Tal situação, ressalta o deputado, torna a comissão fiscal de si mesma, numa conjunção que contraria convenções internacionais assinadas pelo Brasil e que, de acordo com o relatório da Câmara dos Deputados, só encontra paralelo no Irã e no Paquistão. O documento conclui ser urgente separar, em instituições distintas, as atividades de fomento das de regulação e fiscalização do setor.
"O governo ainda trata a área nuclear com a visão miliciana de soberania e defesa nacional, em que tudo é sigiloso", ressalta o relatório, numa posição corroborada por Rogério Gomes, presidente da Associação dos Fiscais de Radioproteção e Segurança Nuclear (Afen). Composta por cerca de 150 técnicos da Cnen, a Afen pede que seja criada uma carreira específica para a fiscalização da área. Atualmente, os funcionários da Comissão alocados para essa incumbência não podem aplicar multas nem promover autuações. Não existe legislação que regulamente essas tarefas. "Apenas produzimos relatórios internos, que podem ou não ir para a gaveta", diz ele.
Odair Dias Gonçalves, presidente da Cnen, rebate as críticas. Ele explica que a comissão é subdividida em três diretorias - entre elas uma voltada à fiscalização e à segurança nuclear -, numa situação absolutamente condizente com os acordos internacionais. "Temos de ser funcionalmente independentes. E assim acontece", atesta. Ele diz ser contra a proposta pela Afen e questiona inclusive a representatividade do grupo. "É uma associação de 20 pessoas".
Segundo Gonçalves, todo o setor nuclear concorda que uma reestruturação da Cnen é conseqüência natural do crescimento do programa atômico brasileiro. Mas diversos de seus representantes afirmam que qualquer separação agora gerará uma dispersão de recursos, prejudicial a esse desenvolvimento.
As alegações de falta de transparência das atividades nucleares oferecem subsídios para quem antevê o perigo de desdobramentos bélicos. "Quem disser que existe uma energia atômica para a paz e outra para a guerra está mentindo", ressalta uma famosa frase atribuída ao físico Robert Oppenheimer, chefe da equipe que criou a primeira bomba nuclear americana.
Essa linha de raciocínio é encampada pelo Greenpeace do Brasil, um dos principais opositores à construção de Angra 3. "O domínio do ciclo de urânio viabiliza o uso da energia nuclear para fins militares", afirma um manifesto da ONG. "Até hoje, não houve explicação adequada para a perfuração de 320 metros de profundidade encontrada em uma base da aeronáutica na serra do Cachimbo (PA), que tinha todas as características de local para testes de artefatos nucleares."

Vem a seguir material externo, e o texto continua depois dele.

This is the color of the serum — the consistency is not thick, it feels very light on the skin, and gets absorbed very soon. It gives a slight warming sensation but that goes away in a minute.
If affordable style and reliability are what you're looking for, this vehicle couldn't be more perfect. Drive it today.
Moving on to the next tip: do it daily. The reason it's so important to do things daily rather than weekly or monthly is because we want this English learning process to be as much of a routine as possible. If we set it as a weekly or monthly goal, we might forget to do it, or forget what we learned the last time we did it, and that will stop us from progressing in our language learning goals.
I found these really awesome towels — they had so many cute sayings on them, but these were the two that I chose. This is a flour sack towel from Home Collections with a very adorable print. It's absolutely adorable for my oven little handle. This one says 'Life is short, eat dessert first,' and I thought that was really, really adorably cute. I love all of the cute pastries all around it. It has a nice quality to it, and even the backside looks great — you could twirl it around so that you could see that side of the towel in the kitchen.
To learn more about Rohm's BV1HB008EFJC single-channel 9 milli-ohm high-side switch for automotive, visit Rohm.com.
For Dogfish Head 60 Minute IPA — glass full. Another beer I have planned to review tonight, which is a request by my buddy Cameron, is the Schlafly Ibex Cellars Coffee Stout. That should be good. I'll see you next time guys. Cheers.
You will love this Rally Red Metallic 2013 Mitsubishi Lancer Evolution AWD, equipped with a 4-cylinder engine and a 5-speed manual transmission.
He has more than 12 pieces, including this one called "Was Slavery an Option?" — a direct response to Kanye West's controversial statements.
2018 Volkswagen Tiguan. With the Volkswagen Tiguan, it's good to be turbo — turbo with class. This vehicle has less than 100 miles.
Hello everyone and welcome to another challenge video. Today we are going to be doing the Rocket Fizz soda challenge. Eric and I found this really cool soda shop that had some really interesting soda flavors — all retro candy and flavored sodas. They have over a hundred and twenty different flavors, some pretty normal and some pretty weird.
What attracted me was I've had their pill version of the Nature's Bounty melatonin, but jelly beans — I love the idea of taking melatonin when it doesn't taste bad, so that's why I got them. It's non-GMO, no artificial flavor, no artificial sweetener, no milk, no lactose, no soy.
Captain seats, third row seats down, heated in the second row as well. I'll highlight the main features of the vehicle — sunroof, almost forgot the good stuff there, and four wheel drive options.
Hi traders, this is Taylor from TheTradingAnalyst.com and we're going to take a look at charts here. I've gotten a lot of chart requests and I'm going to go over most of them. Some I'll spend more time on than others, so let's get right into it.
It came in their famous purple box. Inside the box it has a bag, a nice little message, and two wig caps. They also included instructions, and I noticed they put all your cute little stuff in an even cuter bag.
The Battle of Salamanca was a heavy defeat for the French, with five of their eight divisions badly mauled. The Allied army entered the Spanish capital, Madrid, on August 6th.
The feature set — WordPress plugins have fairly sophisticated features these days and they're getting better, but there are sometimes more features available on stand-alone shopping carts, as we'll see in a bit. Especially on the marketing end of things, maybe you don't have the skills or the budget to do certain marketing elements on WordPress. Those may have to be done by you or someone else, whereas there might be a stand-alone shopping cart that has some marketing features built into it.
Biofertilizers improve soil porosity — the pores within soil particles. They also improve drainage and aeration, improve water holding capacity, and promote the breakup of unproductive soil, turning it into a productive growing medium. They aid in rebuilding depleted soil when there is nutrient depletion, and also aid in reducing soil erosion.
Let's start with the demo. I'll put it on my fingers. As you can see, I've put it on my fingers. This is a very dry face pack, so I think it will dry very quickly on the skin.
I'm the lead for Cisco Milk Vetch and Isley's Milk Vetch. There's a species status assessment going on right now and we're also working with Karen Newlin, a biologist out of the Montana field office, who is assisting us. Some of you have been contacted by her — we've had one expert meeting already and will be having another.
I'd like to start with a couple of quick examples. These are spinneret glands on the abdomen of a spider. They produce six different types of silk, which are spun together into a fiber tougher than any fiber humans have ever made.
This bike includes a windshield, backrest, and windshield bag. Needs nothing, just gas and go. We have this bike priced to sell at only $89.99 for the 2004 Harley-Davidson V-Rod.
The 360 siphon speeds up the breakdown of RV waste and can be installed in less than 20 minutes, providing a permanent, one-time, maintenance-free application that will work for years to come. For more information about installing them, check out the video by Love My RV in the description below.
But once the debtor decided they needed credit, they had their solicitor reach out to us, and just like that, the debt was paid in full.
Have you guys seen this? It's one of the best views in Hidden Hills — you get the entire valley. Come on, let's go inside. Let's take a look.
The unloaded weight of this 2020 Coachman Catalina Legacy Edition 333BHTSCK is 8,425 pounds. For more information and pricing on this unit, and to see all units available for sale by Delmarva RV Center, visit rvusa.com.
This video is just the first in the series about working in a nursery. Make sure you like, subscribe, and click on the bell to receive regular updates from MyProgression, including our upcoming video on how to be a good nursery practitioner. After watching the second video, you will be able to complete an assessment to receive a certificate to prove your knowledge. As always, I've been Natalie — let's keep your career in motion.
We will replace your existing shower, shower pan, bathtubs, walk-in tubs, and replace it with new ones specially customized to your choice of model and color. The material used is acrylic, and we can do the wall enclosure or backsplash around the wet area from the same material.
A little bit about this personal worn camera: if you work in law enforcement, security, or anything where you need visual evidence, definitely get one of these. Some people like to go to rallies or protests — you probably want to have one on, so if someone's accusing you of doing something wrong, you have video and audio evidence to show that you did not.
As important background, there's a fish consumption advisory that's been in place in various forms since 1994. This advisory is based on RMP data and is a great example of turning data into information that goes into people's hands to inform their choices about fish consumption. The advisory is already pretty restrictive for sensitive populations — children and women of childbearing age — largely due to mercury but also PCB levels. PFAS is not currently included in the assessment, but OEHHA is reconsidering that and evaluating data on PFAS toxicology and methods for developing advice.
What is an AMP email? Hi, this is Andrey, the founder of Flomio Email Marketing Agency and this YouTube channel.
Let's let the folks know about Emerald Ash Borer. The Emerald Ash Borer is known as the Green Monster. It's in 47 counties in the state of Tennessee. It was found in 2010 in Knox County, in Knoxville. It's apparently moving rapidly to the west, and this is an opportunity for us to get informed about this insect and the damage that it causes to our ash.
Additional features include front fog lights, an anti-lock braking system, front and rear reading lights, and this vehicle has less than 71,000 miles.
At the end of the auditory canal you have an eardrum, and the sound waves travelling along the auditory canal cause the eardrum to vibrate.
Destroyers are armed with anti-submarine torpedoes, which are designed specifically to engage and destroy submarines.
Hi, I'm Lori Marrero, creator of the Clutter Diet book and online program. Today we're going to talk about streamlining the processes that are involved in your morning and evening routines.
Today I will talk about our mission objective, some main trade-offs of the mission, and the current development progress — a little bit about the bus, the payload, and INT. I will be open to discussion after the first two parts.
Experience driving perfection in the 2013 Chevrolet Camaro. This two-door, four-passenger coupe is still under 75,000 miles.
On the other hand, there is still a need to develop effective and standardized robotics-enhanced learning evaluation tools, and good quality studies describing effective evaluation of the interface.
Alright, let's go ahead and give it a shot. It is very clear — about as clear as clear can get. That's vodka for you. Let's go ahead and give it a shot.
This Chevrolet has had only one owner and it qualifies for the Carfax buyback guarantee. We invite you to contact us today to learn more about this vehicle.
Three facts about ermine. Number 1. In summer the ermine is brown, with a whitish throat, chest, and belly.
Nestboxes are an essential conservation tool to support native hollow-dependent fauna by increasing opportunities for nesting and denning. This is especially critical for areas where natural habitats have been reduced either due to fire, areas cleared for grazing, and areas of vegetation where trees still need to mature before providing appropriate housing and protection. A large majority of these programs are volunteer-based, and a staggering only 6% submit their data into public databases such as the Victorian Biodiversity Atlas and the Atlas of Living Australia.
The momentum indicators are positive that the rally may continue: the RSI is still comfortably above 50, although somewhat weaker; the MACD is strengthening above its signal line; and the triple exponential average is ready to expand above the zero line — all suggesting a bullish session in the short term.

A controvérsia sobre a base em questão veio à tona em 1986, quando a imprensa divulgou a descoberta de um local no oeste paraense que abrigava de cisternas a covas secretas. Investigações realizadas depois da denúncia indicaram que havia um programa nuclear paralelo em desenvolvimento no local, voltado à produção de uma bomba atômica brasileira.
A existência dessa iniciativa, gerida secretamente por militares e funcionários públicos federais, foi confirmada recentemente pelo próprio José Sarney, presidente da República à época. Rex Nazaré Alves, então titular da Cnen, foi acusado de movimentar contas secretas, apelidadas de "delta", cujo suposto objetivo era financiar o programa. Atualmente, ele permanece envolvido com atividades atômicas do país. Em 2003, foi nomeado integrante da Comissão Deliberativa da Cnen.
O então ministro da Ciência e Tecnologia, Roberto Amaral, foi quem nomeou Nazaré Alves para a comissão. Também em 2003, logo no primeiro mês de mandato do presidente Lula, Amaral causou mal-estar ao dizer que o Brasil deveria buscar o conhecimento necessário para fabricar um artefato nuclear. Dias depois, Lula afastou a polêmica reafirmando seu compromisso com o uso da energia atômica somente para fins pacíficos.